- Given information
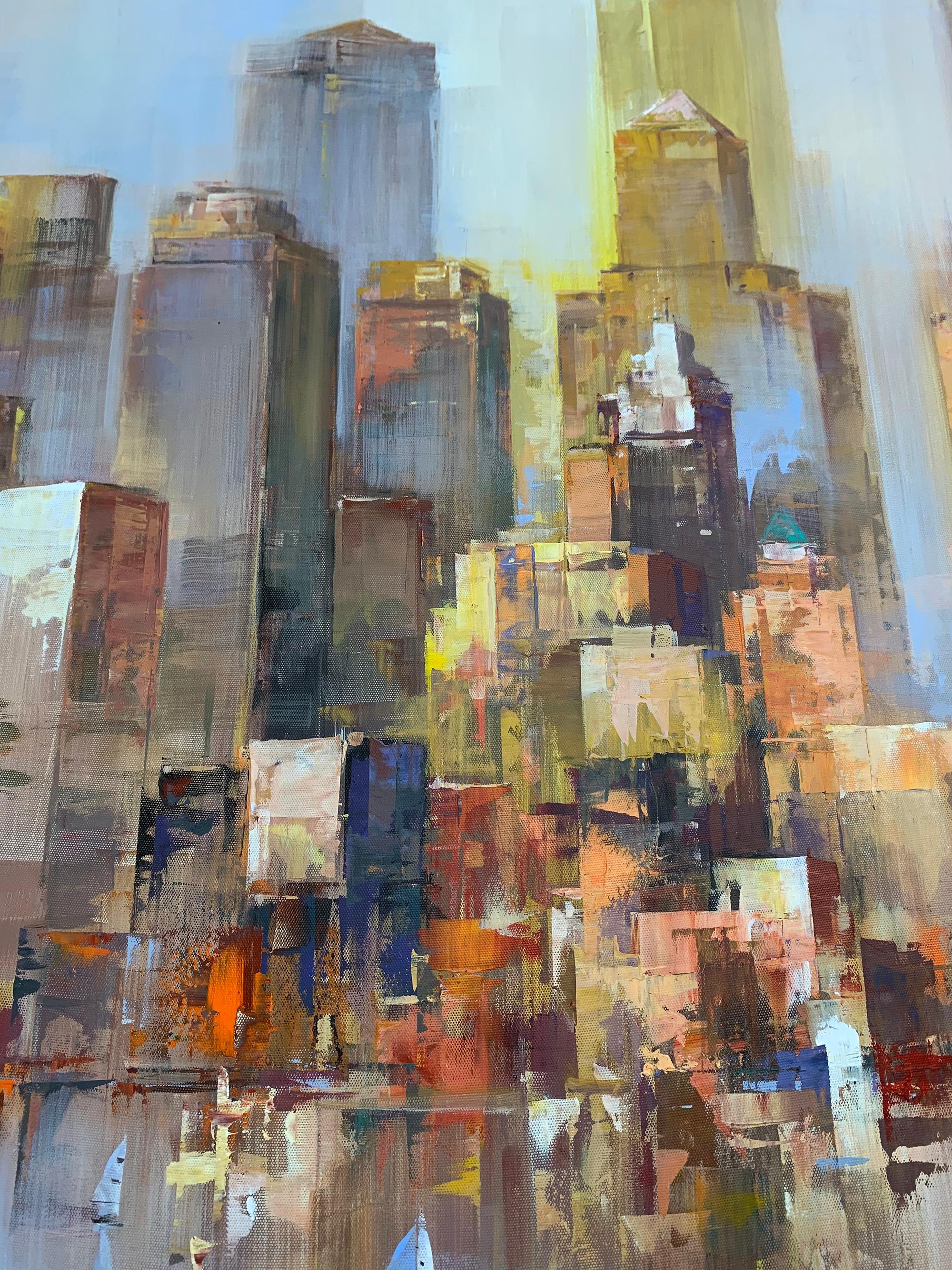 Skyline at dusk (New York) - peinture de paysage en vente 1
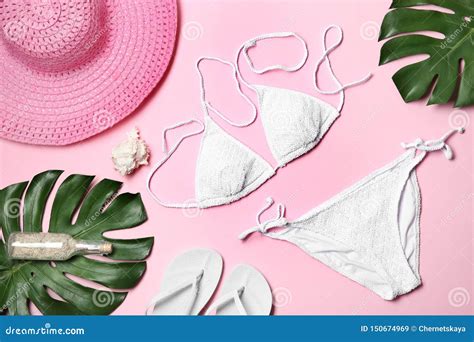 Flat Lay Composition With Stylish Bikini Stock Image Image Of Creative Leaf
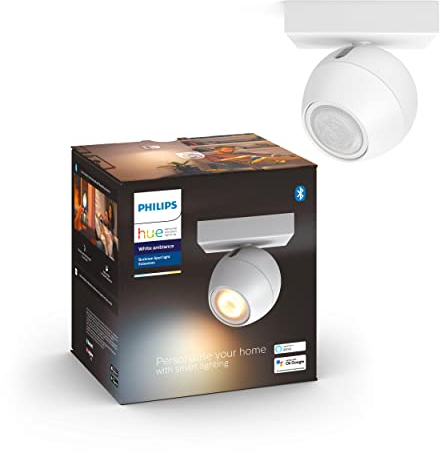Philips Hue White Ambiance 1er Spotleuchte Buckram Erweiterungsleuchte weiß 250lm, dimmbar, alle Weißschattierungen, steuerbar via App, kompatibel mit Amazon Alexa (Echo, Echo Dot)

- Task instructions
Leaving aside the pictures, copy the listing above exactly.

- Solution for this problem
 Skyline at dusk (New York) - peinture de paysage en vente 1
 Flat Lay Composition With Stylish Bikini Stock Image Image Of Creative Leaf
Philips Hue White Ambiance 1er Spotleuchte Buckram Erweiterungsleuchte weiß 250lm, dimmbar, alle Weißschattierungen, steuerbar via App, kompatibel mit Amazon Alexa (Echo, Echo Dot)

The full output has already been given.